А начинаешь разбираться, даже настоящего имени не знают. По одной версии, так подписывался деятель Великого Княжества Литовского Михайло Тышкевич, женившийся на княжне Глинской. По другой — Венцеслав Миколаевич, секретарь Великого Княжества. А есть и третьи версии, и четвертые...
И никому бы дела не было до этого персонажа, если бы не сохранившийся его трактат на латинском языке «О нравах татар, литовцев и московитян».

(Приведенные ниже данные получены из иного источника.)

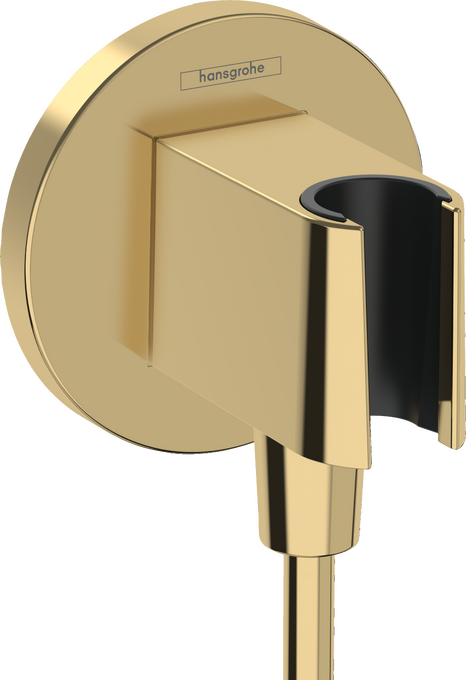 Gác sen Hansgrohe FixFit S 26888990 Polished Gold Optic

Впрочем, и история с трактатом неясна. Написан-то он, как высчитали историки, где-то в середине XVI века. А вот опубликован только в 1613 году в Базеле. Причем издатель, некто Иоганн Якоб Грассер, честно сообщил в предисловии, что рукопись состояла из десяти книг, а публикует он лишь отрывки первой и девятой да выжимку из остальных восьми. Потому как «последующие за сим книги Михалон наполняет только жалобами на испорченные нравы своего народа, говоря, что это самый пагубный враг, которого должно изгнать прежде всего, почему он желает, чтобы нравы были исправлены, и указывает королю на средства, как достигнуть этой цели. Но мы, опустив эти жалобы, познакомимся только с тем, что принадлежит собственно к истории».
Знаем мы эти цензурные правки! Наверняка самое интересное осталось «за бортом»... Впрочем, и то, что Грассер опубликовал, дало материал для сонма исследователей. Честно говоря, Михалон Литвин и впрямь избрал особый стиль: его цель не столько описать нравы, сколько исправить их у земляков. А для этого нужно их покритиковать на фоне чужеземных добродетелей. «Михайло утрирует, с одной стороны, недостатки своих сограждан, с другой — добродетели соседей, причем нередко впадает в противоречие как с самим собою, так и с другими историческими свидетельствами»,— говорится в предисловии XIX века.